Stored records:
════════════════════

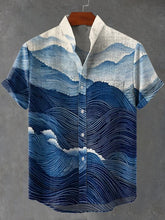 Green Abstract Geometric Waves Wallpaper Art Print Cotton Linen Casual Shirt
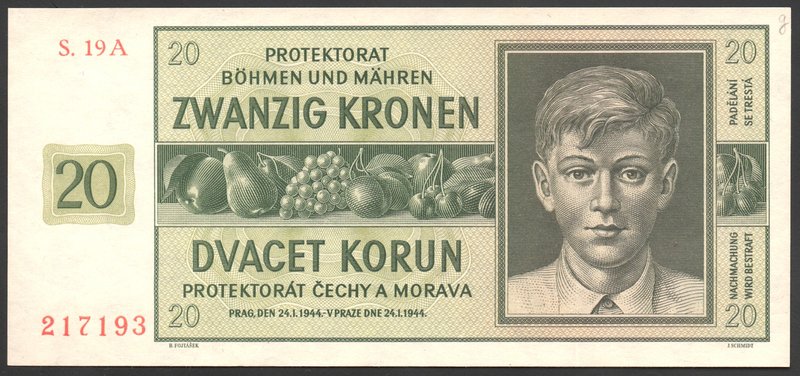 Bohemia & Moravia German Occupation-WWII 20 Korun 1944 
P# 9a; № S19A217193; AU...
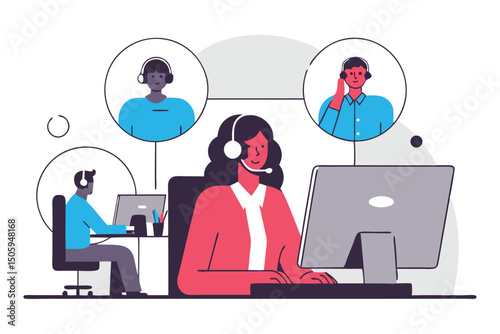 Customer support representatives assisting clients through remote communication and online assistance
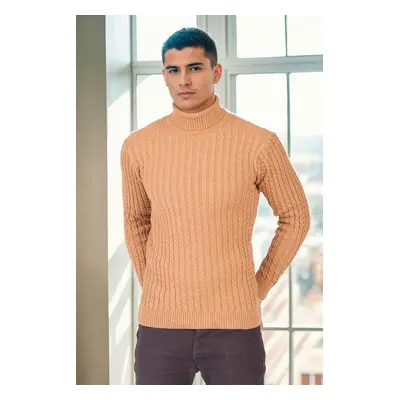 19295 Dewberry Turtleneck Mens Sweater-CREAM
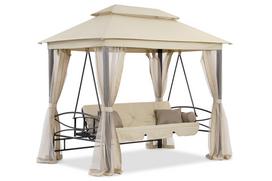 Metalinės sodo sūpynės Nice Premium Garden Point smėlio spalvos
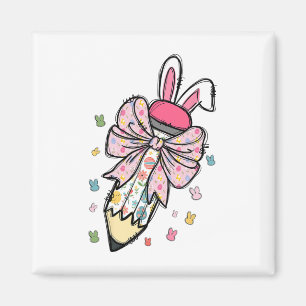 Imán Cute Lápiz Coquette Bow Bunny Easter Day Teacher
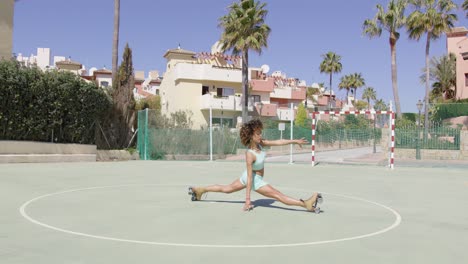 fit woman in roller skates stretching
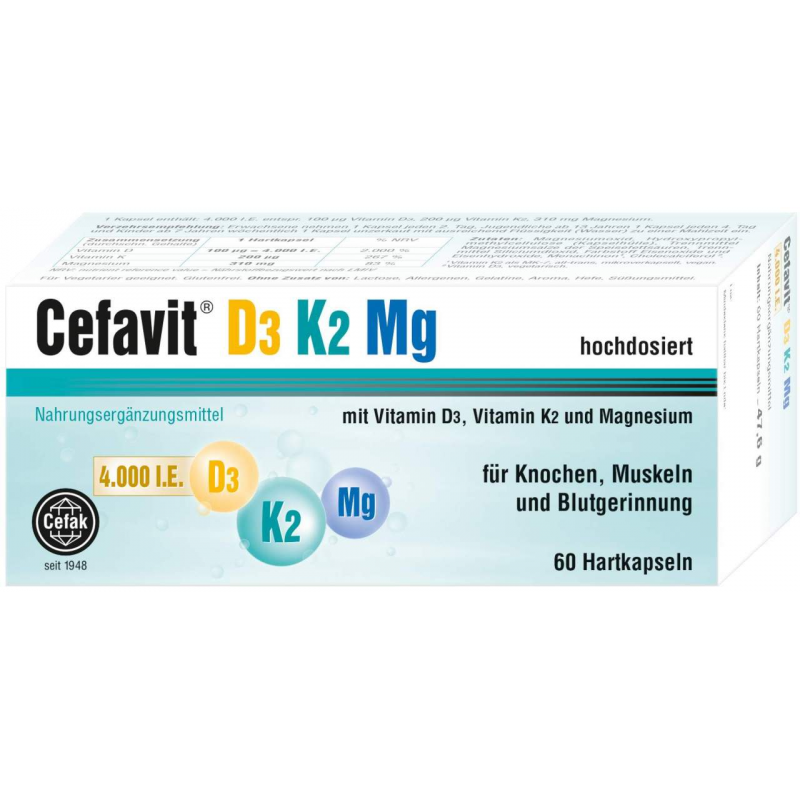 Cefavit D3 K2 mg 4000 I.E. 60 Kapseln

════════════════════

# WHAT THE EXERCISE ASKS
Give back the data exactly. Pictures stay out.

# ANSWER
 Green Abstract Geometric Waves Wallpaper Art Print Cotton Linen Casual Shirt
 Bohemia & Moravia German Occupation-WWII 20 Korun 1944 
P# 9a; № S19A217193; AU...
 Customer support representatives assisting clients through remote communication and online assistance
 19295 Dewberry Turtleneck Mens Sweater-CREAM
 Metalinės sodo sūpynės Nice Premium Garden Point smėlio spalvos
 Imán Cute Lápiz Coquette Bow Bunny Easter Day Teacher
 fit woman in roller skates stretching
 Cefavit D3 K2 mg 4000 I.E. 60 Kapseln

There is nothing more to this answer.